# bar oil staining help



## mer66 (Nov 4, 2008)

guys I need help.

I am carving some 12" maple rounds 24" high, a bear, and I am using winter grade stihl bar oil, and can't get the staining removed.

mike.


----------



## carvinmark (Nov 4, 2008)

Change over to veggie oil, stains will not be there. I had to do this a few years ago for the same problem. Works great. I even use old used deep frying oil instead of throwing it out.


----------



## mer66 (Nov 4, 2008)

O.K. mark,

what brand may i ask, i am the guy on the other thread about the mse 220.

thankx.

mike.


----------



## carvinmark (Nov 5, 2008)

I don't even pay attention to brands of veggie oil so I honestly can't point you in any direction here.


----------



## mranum (Nov 9, 2008)

Whenever I had an accidental oil spill on a piece of furniture I was making I found the Brake/Electrical Motor cleaner in a spray can works great for pulling the oils out of the wood. Its cheap, non-flammable and found in every auto supply store.


----------



## ironman_gq (Nov 9, 2008)

also works great on concrete floors for pulling oil stains out. Just make sure its the red can if you go with brake kleen cause the green can is EXTREMELY flammable. I use it kill bugs in the shop


----------



## RobbinW (Nov 21, 2008)

*Oil?*

Hi all, I agree with Carvin Mark as far as veggie oil. I been using Canola for over two years now & would never switch back to any regular chain oil ever! you will find when ya first start running it with the oiler adjusted for normal bar oil i will spray oil everwhere on your carving & the old fable of "there is no way it can works as it is too thin" is totally a fable, adjust the oiler down a little at a time & make sure ya dont run out of oil before your gas is out.
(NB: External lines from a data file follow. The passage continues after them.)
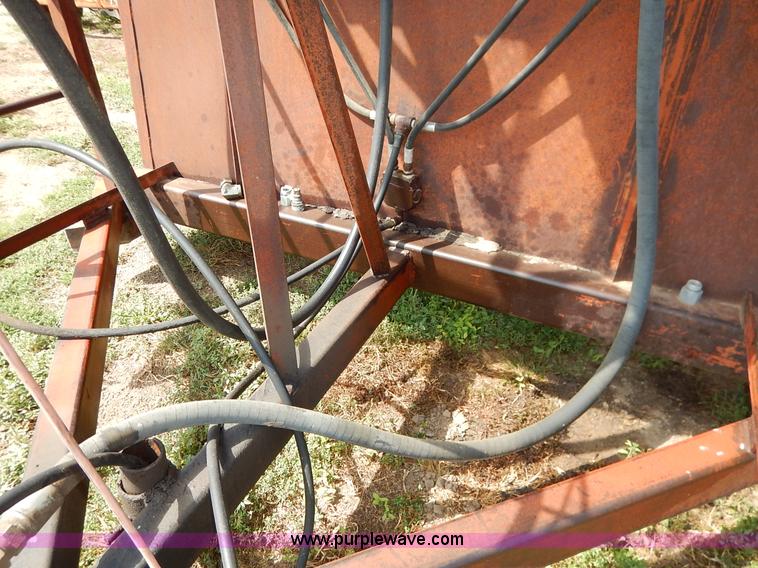 image for item K1645 Cotton module builder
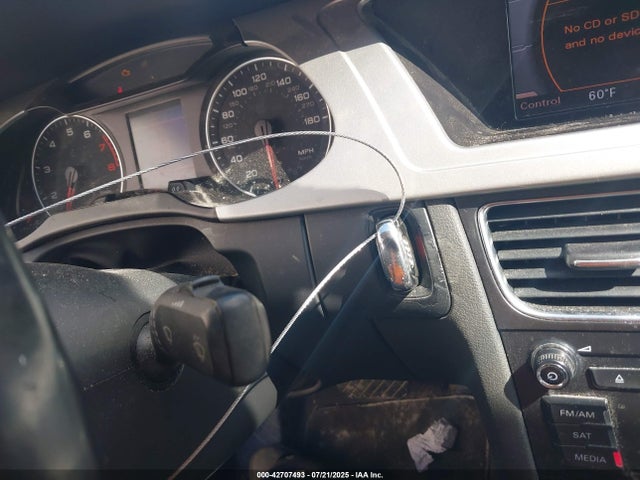 2011 AUDI A4 WAUBFAFL2BN055065 Photo 10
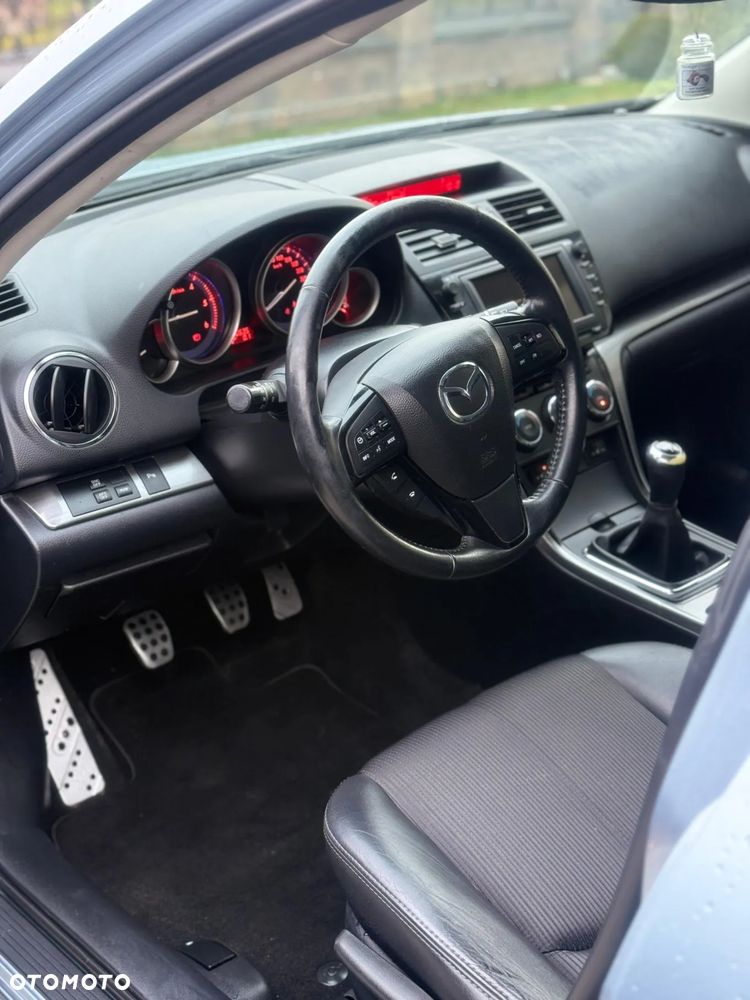 Mazda 6 2.2 CD Sport - 25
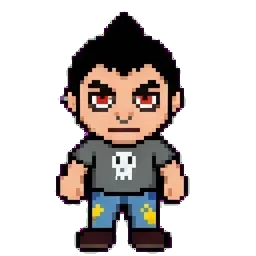 Bully sprite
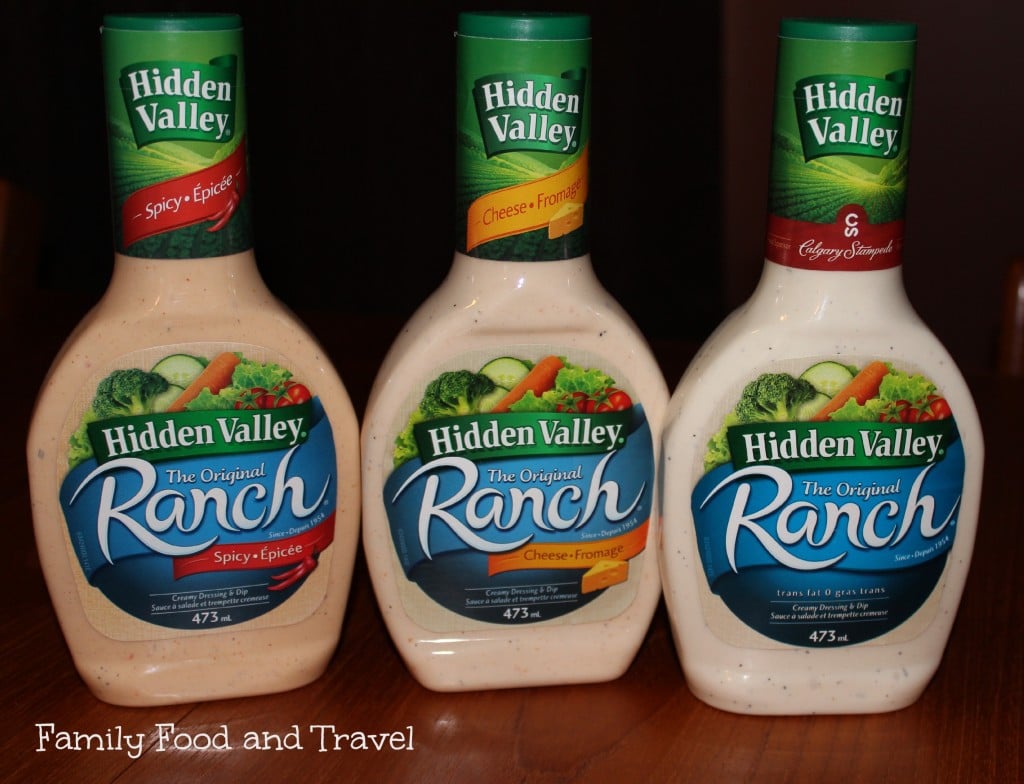 Hidden Valley Ranch Dressing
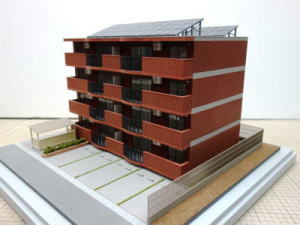 作品の紹介-株式会社 建築模型ねっと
You will find on most saws with adjustable oilers you can crank the oiler right to the minimum, get very little oil on your carving (unless your running high RPM detialing a single spot) & the temperature of the bar is still not even to the smoking point, way lower temp than with regular oil. The Canola seems to dissipate into the wood & I have finished with epoxies, poly, stains right over top of it & no need toi burn if you want to stay with the natural finish. Bar dressing only takes minutes & about once a month now as compared to once a week & to the belt sander as it was with regular chain oil!
Thanks, Robbinhttp://www.robbinsamazingart.com


----------